For those who can remember, this will bring back a lot of memories!

(Note. Several items have been taken since the last few posts. It's worth checking out before everything dissapears!)

Not only was this a fun explore but the ground were equally beautiful for a nice afternoon!


----------



## The Wombat (Jan 8, 2015)

always amused to see pictures of this place


----------



## DJhooker (Jan 9, 2015)

blobbyland seems a sad place now :-(


----------



## scottstevens (Jan 9, 2015)

DJhooker said:


> blobbyland seems a sad place now :-(



Yeah, it is horrible to see the amount of graffiti all over the place now


----------



## DirtyJigsaw (Jan 9, 2015)

Did Mr Blobby really touch you there?

Nice set of photos there mate


----------



## scottstevens (Jan 9, 2015)

DirtyJigsaw said:


> Did Mr Blobby really touch you there?
> 
> Nice set of photos there mate



Luckily not us!
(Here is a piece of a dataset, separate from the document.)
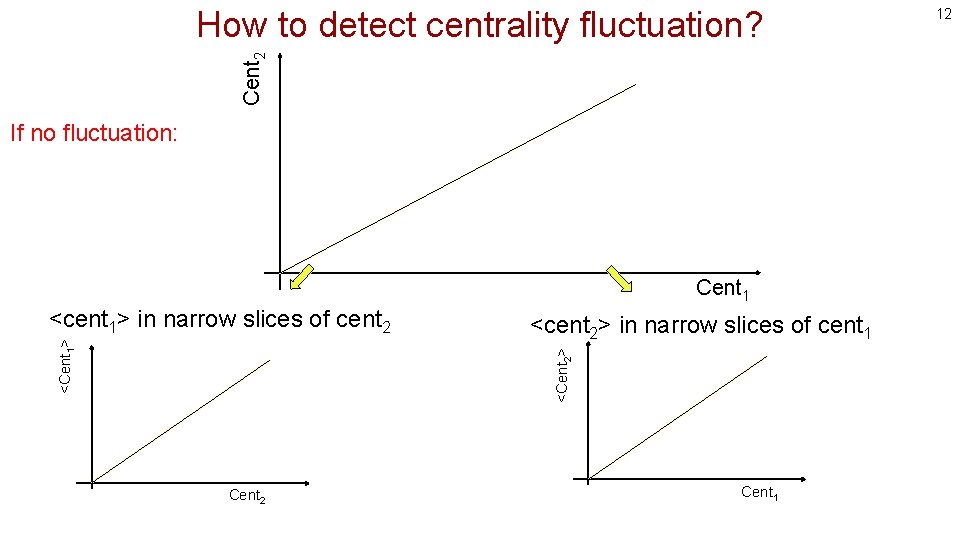 Cent 2 How to detect centrality fluctuation? If no fluctuation: Cent 1 <cent 2>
But I feel for whoever did write it.. Can't have been nice!

Thanks!


----------



## brickworx (Jan 9, 2015)

Blobbyland lives on....always good to see this place...its trippy!


----------



## Mikeymutt (Jan 9, 2015)

I went there in the autumn and got a selfie next to that graffiti. .It has to be done..great shots.


----------



## Potter (Jan 10, 2015)

Always great to see more of this weird place. Glad it's still there.


----------